Les autres dimensions de la coopération spatiale franco-soviétique évoquées par le protocole de 1989 sont :
- les véhicules spatiaux type "navette",
- l'aéronomie,
-la médecine et la biologie spatiales,
- l'étude des composants minoritaires de l'atmosphère (en particulier l'ozone), l'étude du bilan radiatif de la Terre, et l'étude de la planète Mars.
Outre la diversification des domaines de recherche concernés par la coopération spatiale franco-soviétique, le protocole de 1989 vise expressément les incidences juridiques de celui-ci. Ainsi prévoit-il la conclusion de contrats sur des bases commerciales entre organismes et industriels des deux pays, et invite-t-il les deux Parties à faciliter l'entrée et le séjour, sur leur territoire, de "personnes habilitées pour l'accomplissement des tâches communes".
Il est donc incontestable que la France a tiré un profit évident, sur les plans scientifique et diplomatique, de la coopération spatiale conduite avec l'URSS, dont elle était, à la fin des années 1980, le premier partenaire occidental dans un domaine décisif pour son rayonnement international .
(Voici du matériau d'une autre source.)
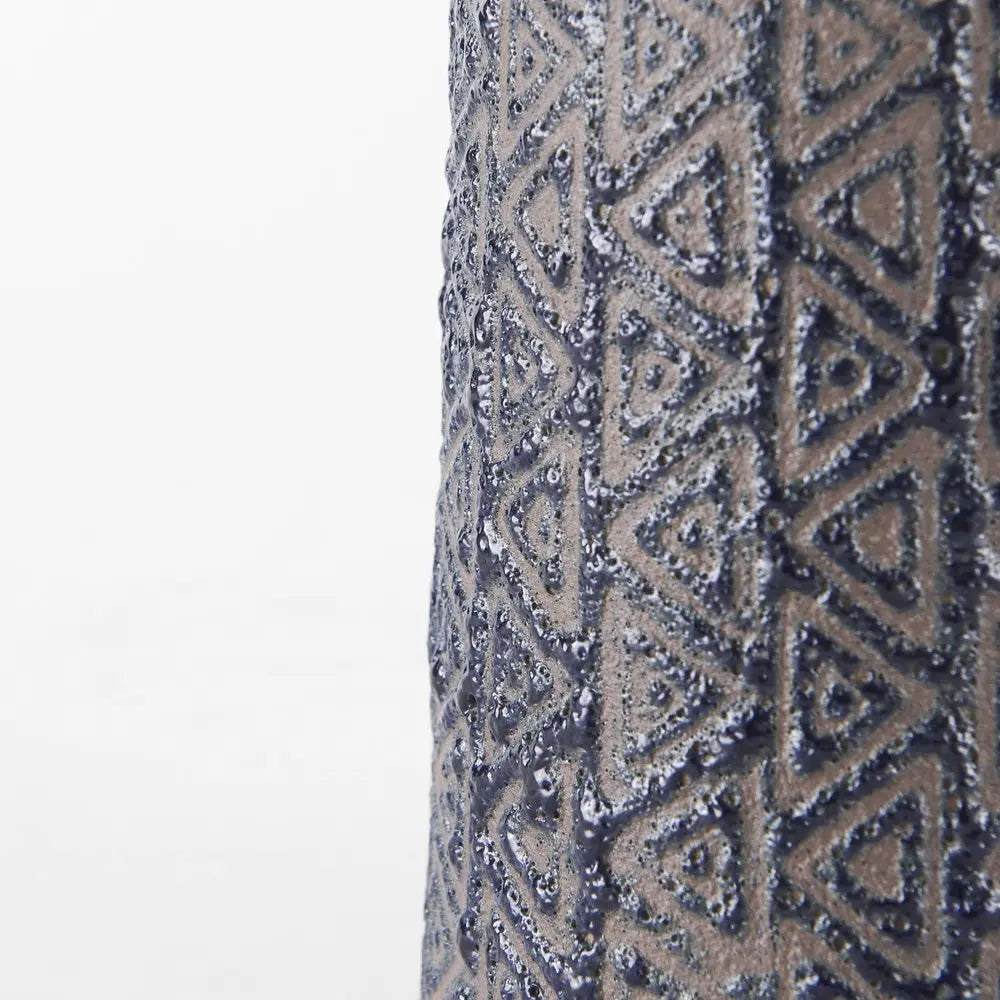 7" Brown Abstract Cylinder Ceramic Table Vase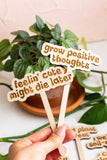 Retro Funny Wooden Plant Markers: Gimme that sun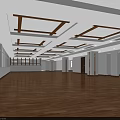 Elegant Modern Private Room Interior With Sofa Chandelier Dining Table Wooden Floor And Windows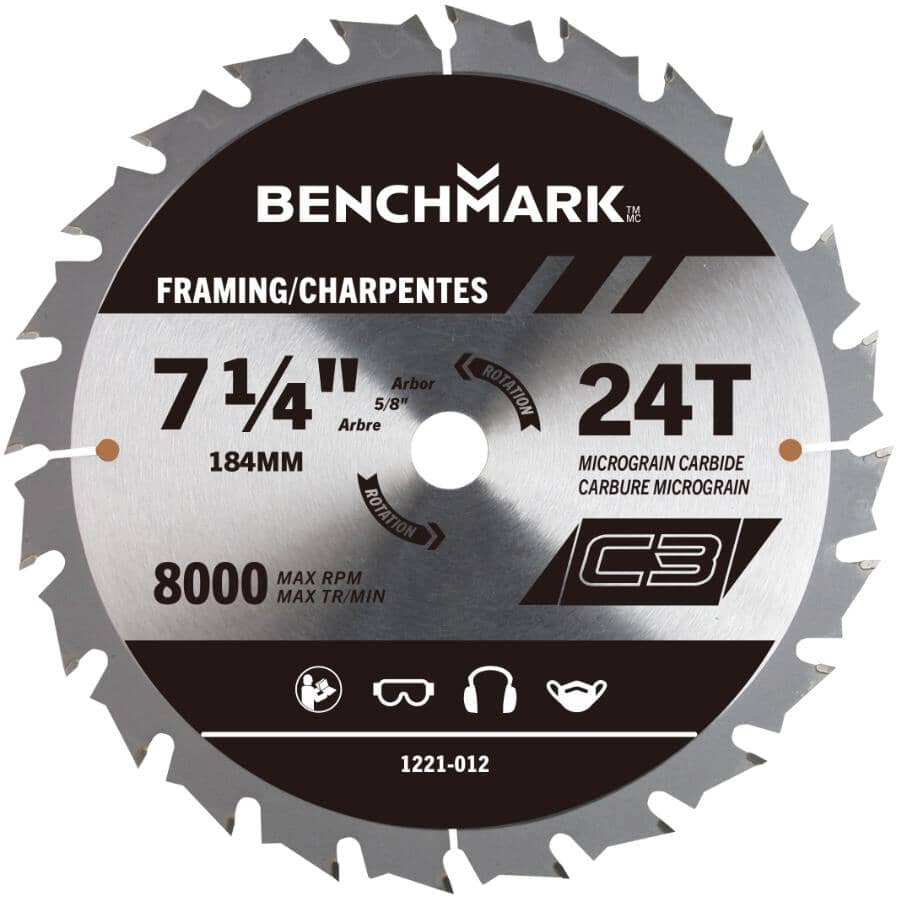 7-1/4" 24 Tooth Carbide Circular Saw Blade - Counter Clock Wise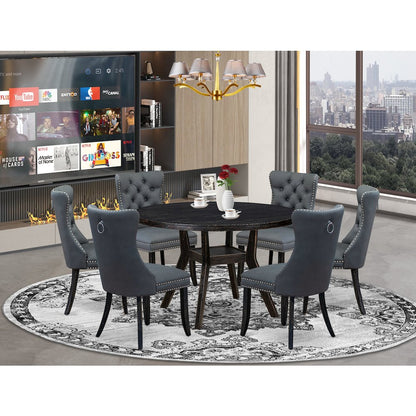 7-Piece Modern Dining Room Set In Platinum Gray Color
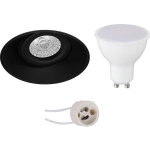 BES LED Led Spot Set - Pragmi Nivas Pro - Gu10 Fitting - Inbouw Rond - Mat - 4w - Warm Wit 3000k - Trimless - Kantelbaar - - Zwart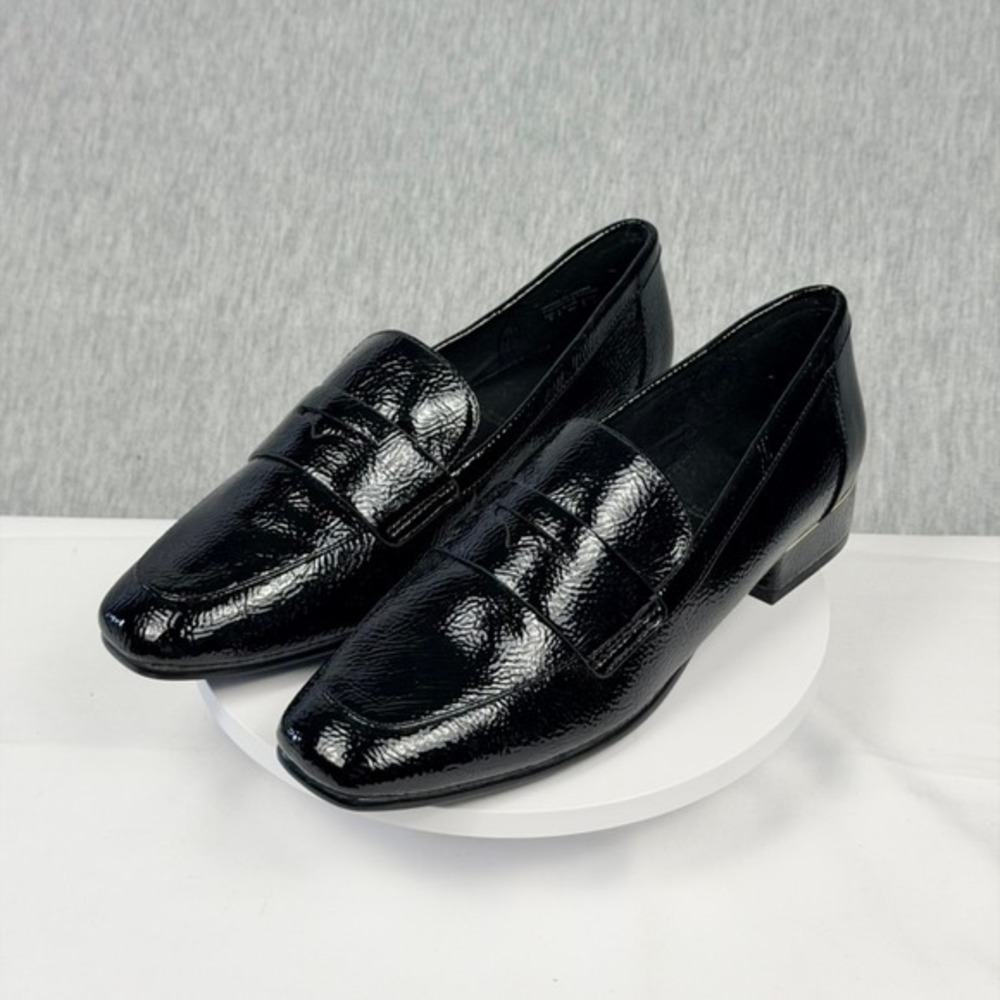 Aldo Black Patent Leather Penny Loafers Square Toe Gold Heel Detail Womens 6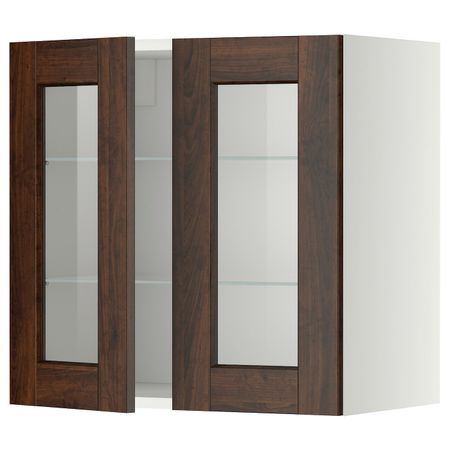 Навесной шкаф с полками, 2 стекло дв, белый/Эдсерум коричневый 60x60 см IKEA METOD МЕТОД 992.268.30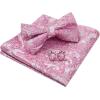 imageHISDERN Bow Ties for Men Solid Mens Bow Tie Pretied Adjustable Bowtie and Pocket Square Cufflinks Set for Wedding Party PromA3hot Pink  Black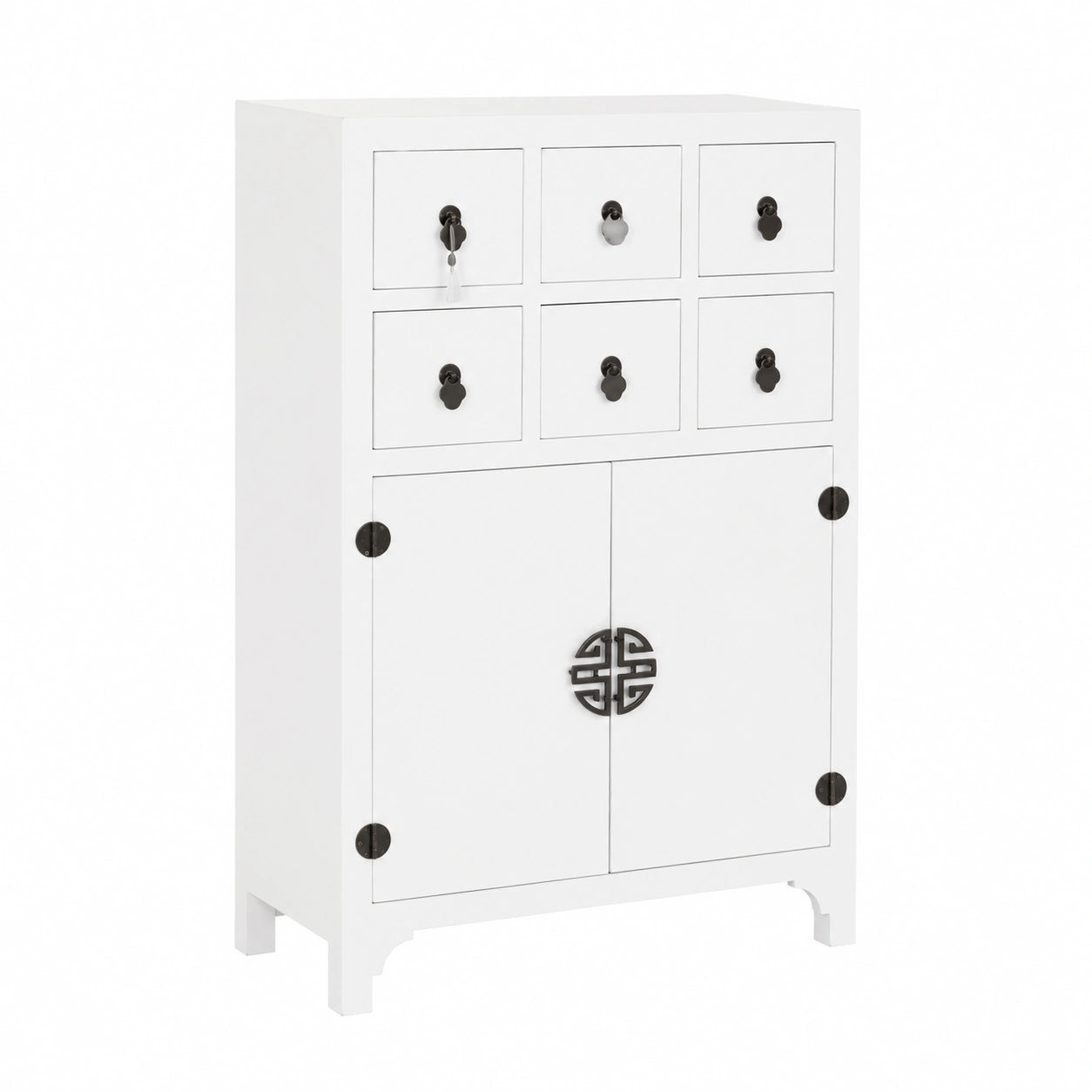 Cómoda Oriental Blanca de Madera con Cajones 63x27x101 cm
Ainsi les vols successifs de cosmonautes français dans le cadre des missions réalisées avec les Russes ont permis aux équipes françaises de développer des compétences appréciées et utilisées par la NASA dans la perspective de la station spatiale internationale. De même la communauté scientifique française a-t-elle acquis une réputation internationale dans le domaine de la physiologie cardio-vasculaire et des neurosciences grâce à la participation de cosmonautes français à des vols habités.